▸ **Material for this task**:
<<<<

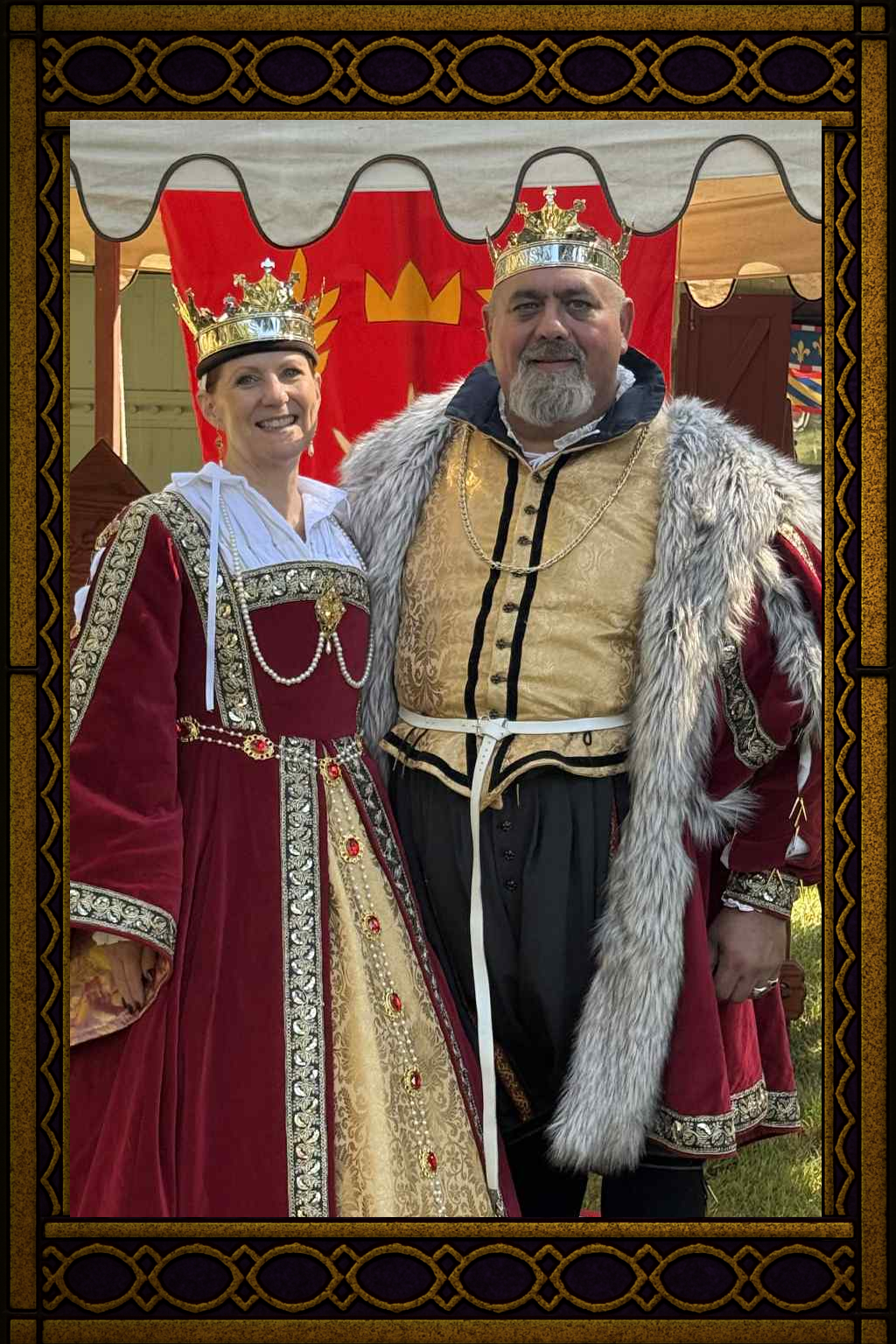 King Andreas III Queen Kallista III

>>>>
<<<<

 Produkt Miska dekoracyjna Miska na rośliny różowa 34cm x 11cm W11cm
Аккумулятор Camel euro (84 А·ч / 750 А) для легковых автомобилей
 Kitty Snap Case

>>>>

▸ **Problem details**: Among the entries above, locate the lines containing "Аккумулятор Camel euro" and "Kitty Snap Case", and transcribe exactly those two lines and all lines between.

▸ **Task answer**:
Аккумулятор Camel euro (84 А·ч / 750 А) для легковых автомобилей
 Kitty Snap Case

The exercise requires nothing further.